FIGURE 22:The TCP segment layout
Establishing Connections The transport layer establishes connection-oriented sessions over which data is reliably transmitted during the period that the session is running. A connection is first established, data is transferred, and the connection is terminated. Establishing a connection is a simple matter of sending a connection request to the target host. If it is available, it responds with a connection acknowledgment message. The systems may then negotiate session parameters (or some parameters may be included in the Options field of the TCP segment). For example, a station may indicate in a connection setup message that it cannot handle payloads larger than 2,000 bytes. The opposite station may indicate that it cannot handle payloads larger than 1,000 bytes. The lower value is then negotiated. There are a number of other parameters that can be negotiated to improve the efficiency of transmissions. Connections are established using a three-way handshake mechanism, which takes place as follows:
1. Host A (the sender) sends a TCP segment to Host B with the SYN flag set to 1 and the ACK flag set to 0. A proposed initial sequence number is also inserted into the Sequence Number field of the header. This is the sequence number that Host A will use to send segments to Host B.

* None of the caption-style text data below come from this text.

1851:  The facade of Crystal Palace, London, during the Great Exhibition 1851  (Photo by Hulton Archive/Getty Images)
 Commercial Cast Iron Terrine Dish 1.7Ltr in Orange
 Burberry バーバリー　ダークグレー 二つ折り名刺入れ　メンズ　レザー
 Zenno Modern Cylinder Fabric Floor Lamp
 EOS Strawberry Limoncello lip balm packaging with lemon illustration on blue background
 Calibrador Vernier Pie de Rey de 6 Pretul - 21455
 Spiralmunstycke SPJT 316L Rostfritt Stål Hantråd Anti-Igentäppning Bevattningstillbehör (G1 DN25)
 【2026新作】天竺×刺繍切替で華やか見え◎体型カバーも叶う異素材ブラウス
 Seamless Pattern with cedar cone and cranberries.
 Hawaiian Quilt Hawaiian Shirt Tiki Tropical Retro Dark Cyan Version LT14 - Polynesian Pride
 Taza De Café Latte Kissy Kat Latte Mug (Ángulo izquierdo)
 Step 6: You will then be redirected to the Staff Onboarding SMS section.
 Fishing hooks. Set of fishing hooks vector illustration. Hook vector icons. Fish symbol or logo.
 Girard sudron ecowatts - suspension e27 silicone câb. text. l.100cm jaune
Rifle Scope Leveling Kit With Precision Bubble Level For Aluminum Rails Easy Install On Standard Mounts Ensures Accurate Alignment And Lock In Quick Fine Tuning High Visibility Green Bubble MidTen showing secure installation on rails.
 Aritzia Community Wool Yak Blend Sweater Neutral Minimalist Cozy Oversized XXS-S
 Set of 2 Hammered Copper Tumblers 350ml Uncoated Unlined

2. Host B stores the sequence number and returns a segment to Host A in which both the SYN and ACK flags are set to 1. To acknowledge that it has received Host A’s sequence number, Host B increments the sequence number by 1 and inserts it into the Acknowledgment field of the segment it returns to Host A. In addition, it inserts its own sequence number into the Sequence Number field. This is the sequence number that Host B will use to send segments to Host A.
3. Host A can now acknowledge to Host B that it received its acknowledgment. It sends a segment in which ACK=1 and SYN=0. It also increments the sequence number received from Host B by 1 and inserts it into the Acknowledgment field to indicate that it accepts B’s sequence numbering scheme.
After data is transmitted, the session is terminated. Host A sends a FIN=1 to Host B. Host B then responds with ACK=1 and FIN=1 and Host A responds to that with ACK=1.
TCP may have to deal with a number of connection parameters during the connection setup phase. One of these is to establish transmission delay parameters. Suppose Host A sends a segment to Host B and Host B returns an acknowledgment, but for some reason the acknowledgment does not arrive at Host A in a reasonable time. Host A must assume that Host B did not receive its transmission, so it retransmits the segment. In the meantime, the “lost” acknowledgment eventually finds its way to Host A and the retransmission arrives at Host B, which now has two of the same segment to deal with.
The amount of time that a sender should wait for an acknowledgment cannot be a fixed value because some links, such as satellites, have longer delays than others. TCP can negotiate this value by measuring the time it takes to receive responses. It then estimates a round-trip delay value and uses this value to clock transmissions and acknowledgments for a connection.
There are many other communication parameters that TCP must deal with in order to provide reliable services.